Stap 3: PWM periode & DUTY CYCLE
Het PWM-periode is opgegeven door te schrijven naar het register PR2. De periode van de PWM kan worden berekend met de volgende formule:PWM periode = [(PR2) + 1] • 4 TOSC • (TMR2 prescale waarde)
PWM frequentie wordt gedefinieerd als 1 / [PWM periode]. Wanneer TMR2 gelijk aan PR2 is, optreden de volgende drie gebeurtenissen op de volgende increment-cyclus:
TMR2 is uitgeschakeld
De CCP1 pin is ingesteld (uitzondering: als PWM taakcyclus = 0%, de CCP1 pin niet ingesteld)
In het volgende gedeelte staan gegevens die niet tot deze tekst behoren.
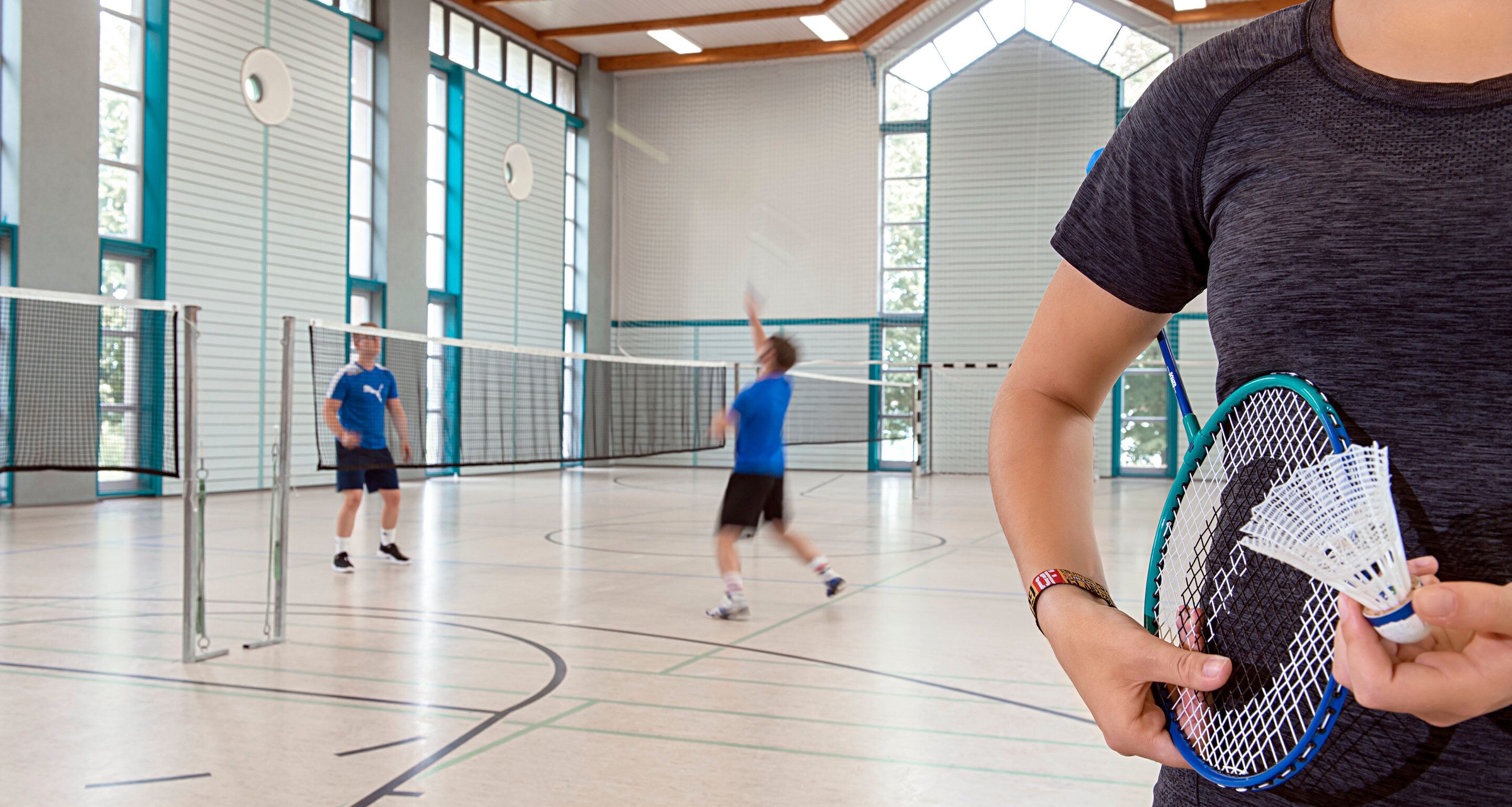 Ein Hallenbadmintonplatz mit Netz, Spielern und einer Person, die Badminton-Schlägern hält.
Het PWM-taakcyclus is vergrendeld van CCPR1L in CCPR1H
De taakcyclus van de PWM is opgegeven door te schrijven naar het register van de CCPR1L en de CCP1CON < 5:4 > bits. 10-bits resolutie van maximaal is beschikbaar. De CCPR1L bevat de acht MSbs en de CCP1CON < 5:4 > bevat de twee LSbs. Deze 10-bitwaarde wordt vertegenwoordigd door CCPR1L:CCP1CON < 5:4 >. De volgende vergelijking wordt gebruikt voor het berekenen van de PWM-taakcyclus tijdig:
De taakcyclus van de PWM = (CCPR1L:CCP1CON < 5:4 >) •TOSC • (TMR2 prescale waarde)
SETUP VOOR PWM VERRICHTING
De volgende stappen moeten worden genomen bij het configureren van de module van de CCP voor PWM verrichting:
1. Stel de PWM-periode door te schrijven naar het register PR2.
2. Zet de taakcyclus van de PWM door te schrijven naar het register van de CCPR1L en de CP1CON < 5:4 > bits.
3. Maak de pin van een vermogen door het selectievakje de bit TRISC < 2 > CCP1.
4. Stel de prescale waarde van TMR2 en Timer2 in staat stellen door te schrijven naar T2CON.
5. Configureer de module van de CCP1 voor PWM verrichting.